16. Mr. Naidu, learned Counsel for the appellants also relied upon Supreme Court judgment, reported in 1998(1) L.L.J. 34 Regional Provident Fund Commissioner & another v. Dharamsi Morarji Chemical Co. Ltd. In this case, the dispute was whether the respondent factory at Roha was a separate establishment or whether it was a part of Ambarnath factory of the respondent. The facts were that the respondent-Chemical Company had established a new concern at Roha in Kolaba District of Maharashtra on July 9, 1977. The said new concern was to manufacture organic chemicals, and had nothing to do with the existing factory of respondent-company at Ambarnath in Thane District, which was being run since 1921, The contention of the respondent-Chemical Company was to the effect that Roha factory was an infant industry which was entitled to earn exemption from the operation of the Act, in view of section 16(1)(b) of the Act. The authorities under the Act were of the view that the Roha factory was not an infant industry at all, but was a part and parcel of the parent factory of the respondent-company at Ambarnath which was being run since 1921. When the respondent -company approached this Court by way of filing writ petition under Article 226 of the Constitution of India, the learned Single Judge of this Court, after perusing all the material on record and after hearing the parties, came to the conclusion that Roha factory, only because it was owned by the same respondent -company, it could not be said that Roha factory was a part and parcel of Ambarnath factory. The learned Single Judge observed as follows:
"..... Ambarnath factory was established as long back as in the year 1921 .............. while the Roha factory was established as late as in July, 1977. The Ambarnath factory manufactures heavy inorganic chemicals and mainly fertilizers while the Roha factory manufactures only organic chemicals. The products manufactured at these two factories are thus separate, distinct and different. The workers of these two factories are also separate. Though at the time when the Roha factory was established or set up, about 5 or 6 employees of the Ambarnath factory were sent to Roha factory to take advantage of their expertise and experience and help set up the Roha factory, this circumstance by itself has hardly any significance in deciding as to whether in law the two factories constitute one or separate establishments. In the very nature of things when a new factory is sought to be set up, the benefit of such expertise and experience is and surely can be availed of. This by no stretch can be considered to conclude that the two factories, therefore, constitute one establishment".

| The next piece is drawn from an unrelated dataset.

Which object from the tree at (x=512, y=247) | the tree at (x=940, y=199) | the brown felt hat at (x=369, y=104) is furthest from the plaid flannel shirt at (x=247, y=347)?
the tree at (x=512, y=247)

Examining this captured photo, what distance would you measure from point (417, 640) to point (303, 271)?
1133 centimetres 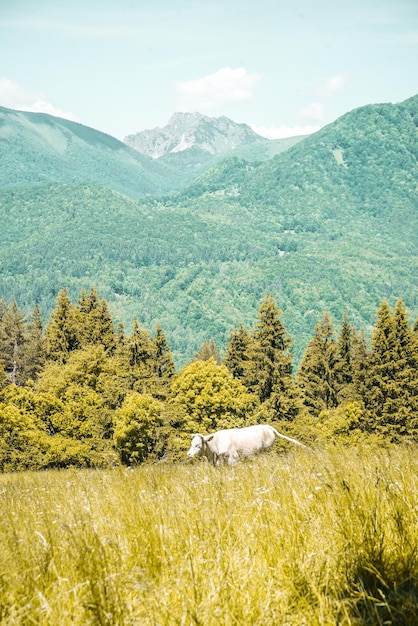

17. The learned Single Judge in the above mentioned Dharamsi Morarji's case, also observed that other facts and circumstances like having separate registration numbers of these two establishments under the Factories Act, maintaining and drawing up separate profit and loss accounts, having separate works managers and plant superintendents, etc. also militated against the contention on behalf of the respondent-Chemical Company that Roha factory was a part and parcel of Ambarnath factory. It was observed in this case by the High Court that even though both the factories were owned by a common owner, namely, respondent-company, and even though the Board of Directors was common, that by itself could not be sufficient unless there was clear evidence to show that there was interconnection between these two units and there was common supervisory, financial or managerial control, and as there was no such evidence, the contentions of the respondent-company were not accepted by the High Court.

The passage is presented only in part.